■ WHAT YOU NEED TO DO
Copy the following data exactly and drop the pictures.

■ COLLECTED MATERIAL
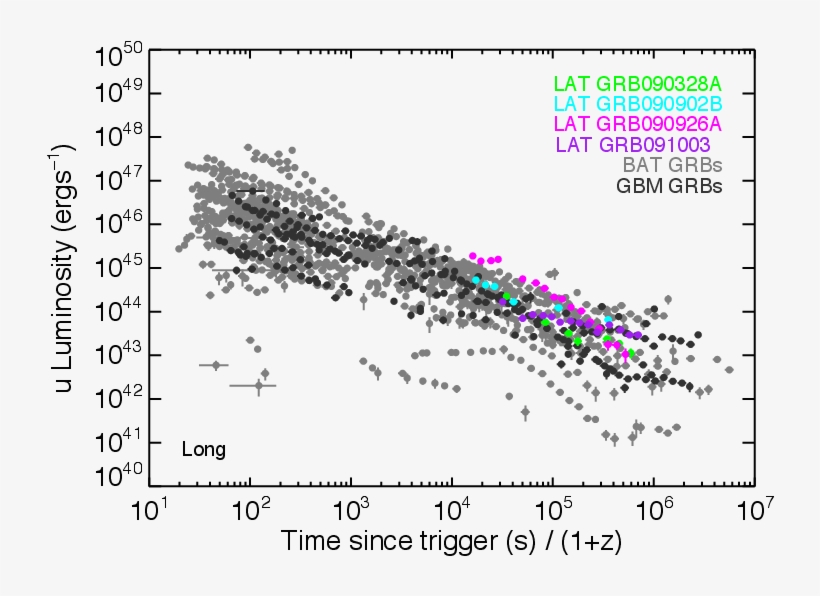 X-ray And Optical (right) Afterglow Lightcurves Of, transparent png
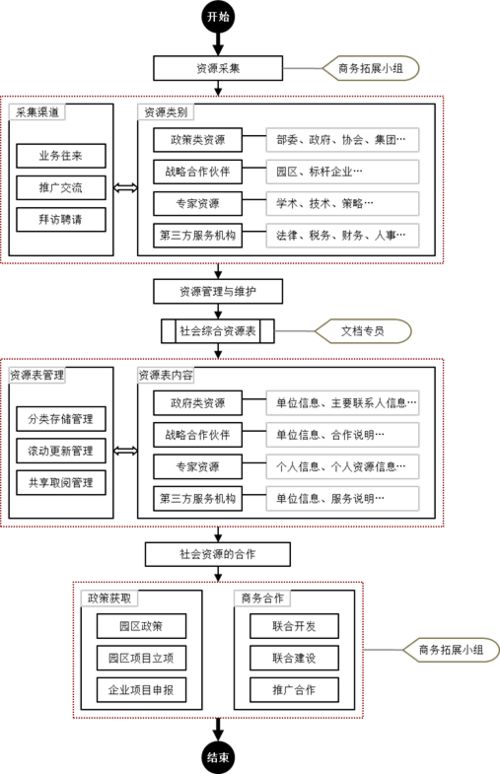 关于中国产业园业务流程全景图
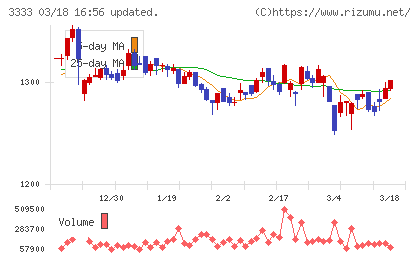 あさひチャート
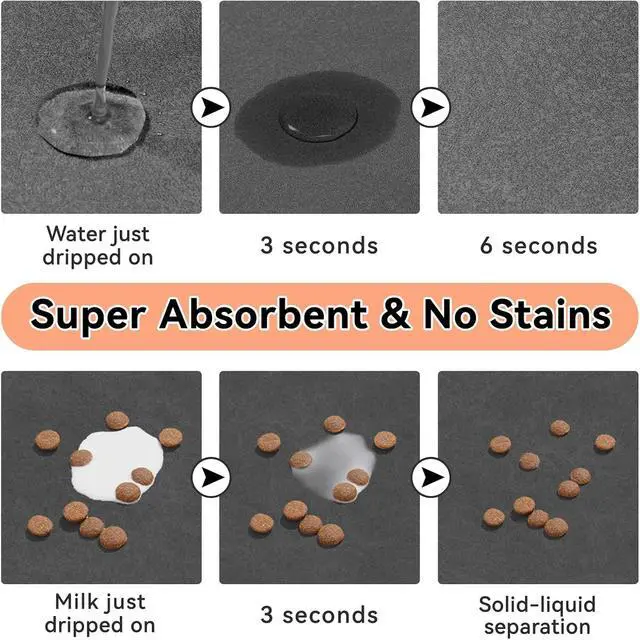 Alt view image 2 of 7 - Dog Food Mat Cat Feeding Mat for Food and Water Bowls,12"x20",Dark Grey | Non Slip Absorbent Quick Dry Pet Feeding Mats for Floors with Waterproof Rubber Backed Dog Placemat Mats for Messy Drinkers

■ WORKED SOLUTION
 X-ray And Optical (right) Afterglow Lightcurves Of, transparent png
 关于中国产业园业务流程全景图
 あさひチャート
 Alt view image 2 of 7 - Dog Food Mat Cat Feeding Mat for Food and Water Bowls,12"x20",Dark Grey | Non Slip Absorbent Quick Dry Pet Feeding Mats for Floors with Waterproof Rubber Backed Dog Placemat Mats for Messy Drinkers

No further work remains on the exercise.